Primary producers across the Wide Bay-Burnett region impacted by the rainfall event were advised on Wednesday that they could apply for natural disaster recovery assistance.

Category B assistance under jointly funded Commonwealth-State Disaster Recovery Funding Arrangements has been activated, based on damage reports collated by the Department of Agriculture.

That level of assistance provides concessional loans of up to $250,000 and essential working capital loans of up to $100,000 at a concessional interest rate, and freight subsidies of up to $5000.

According to the acting Minister for Agriculture Mark Ryan, a category C activation request would be considered as more information came to hand.

Mr Stone said that process would involve advice from the Queensland Reconstruction Agency and the Premier to the Prime Minister, after which he would be involved.

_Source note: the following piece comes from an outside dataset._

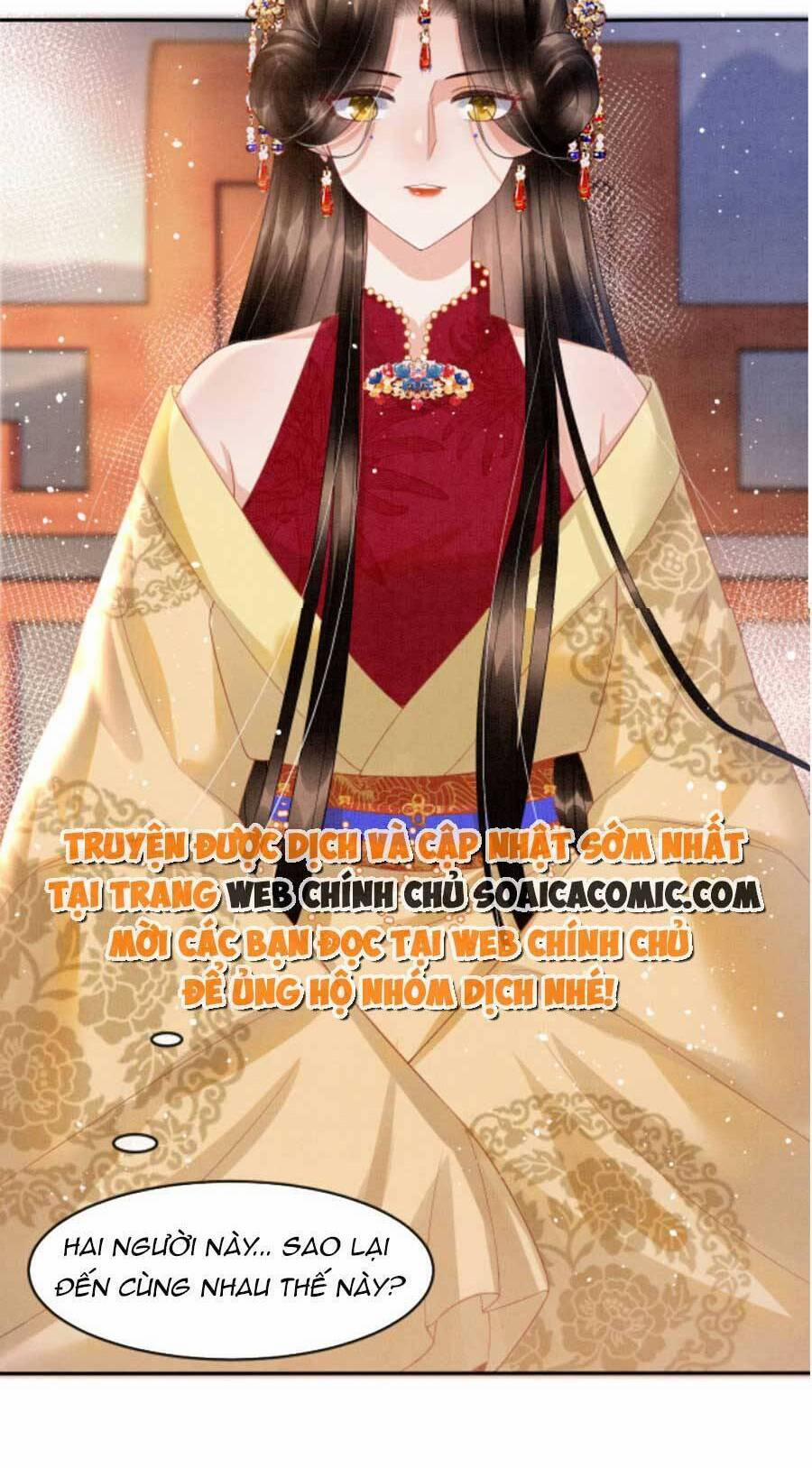 Bạch Nguyệt Quang Lạm Quyền Của Sủng Hậu 43 trang 13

"We have to be assured the money available is being spent in the best way, but all three levels of government are there to give people a hand up," he said.

"Things can never be put back the way they were - there's just not enough money for that.

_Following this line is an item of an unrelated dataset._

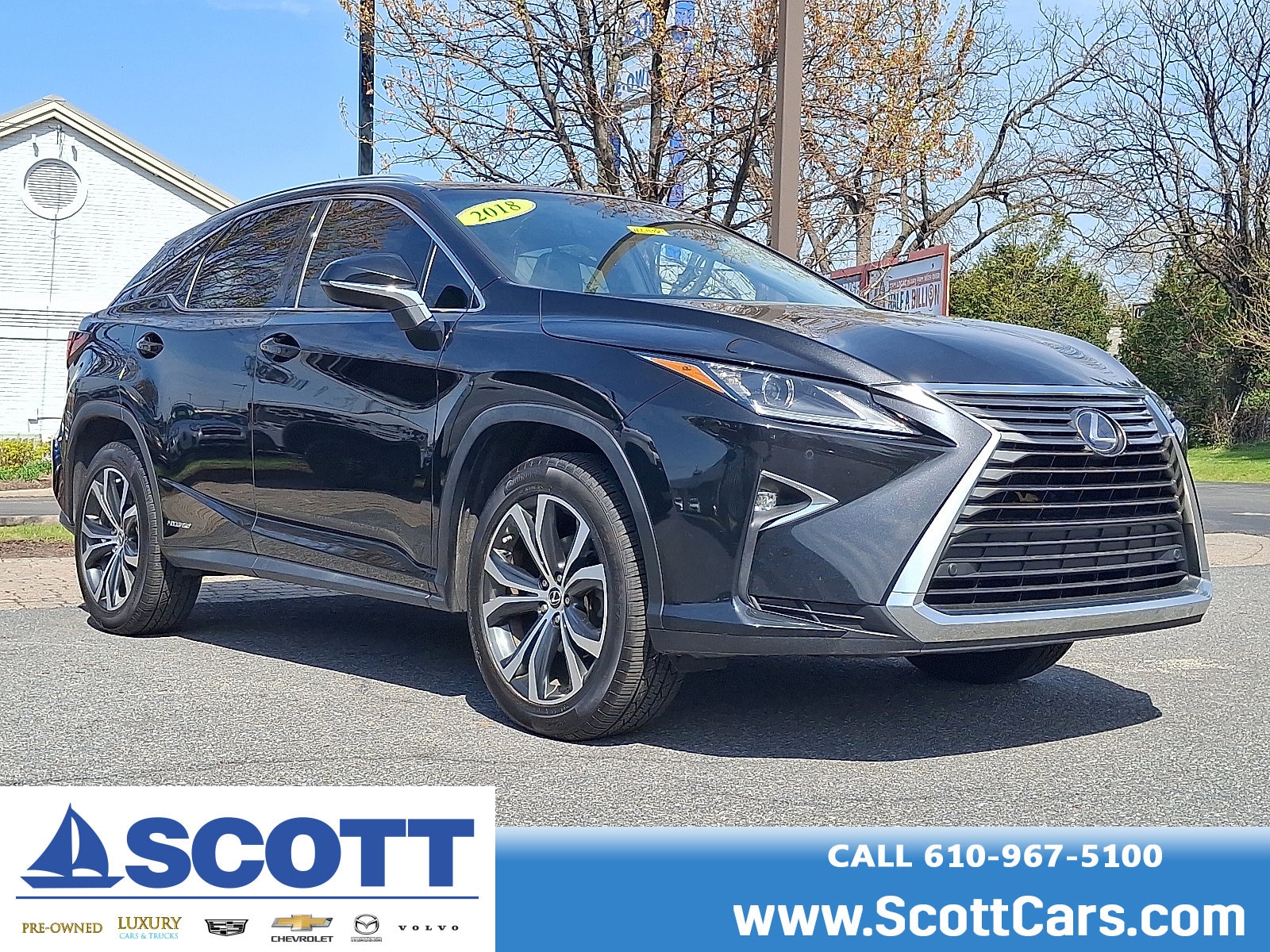 2018 Lexus RX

"People today acknowledged that - they said, this is farming, and the good thing about Queensland is that all three levels of government work hand in glove to get things done."

Connectivity critical

One of the critical issues that would need further attention was that of connectivity, Mr Stone said.

A number of people at the meeting raised the problem of phone and internet connections failing, saying that meant they couldn't see what was going on via Bureau of Meteorology radar, and nor could they ring neighbours or emergency services.

"Telecommunication services need to be more durable," Mr Stone said.

"Unlike the north west in the 2019 monsoon, where they didn't have the service to start with, these people did but it didn't stand up.

"It's an issue for Telstra, that we will be following through with."

Primary producers who have suffered major damage outside the declared local government areas of Bundaberg, Fraser Coast, Gympie, North Burnett, and South Burnett may apply for an Individual Disaster Stricken Property declaration.

Mr Ryan said an IDSP provides access to Queensland government assistance similar to the Category B DRFA of freight subsidies and concessional loans.

Category B Natural Disaster Assistance loans are administered by the Queensland Rural and Industry Development Authority on behalf of the Queensland and Commonwealth governments.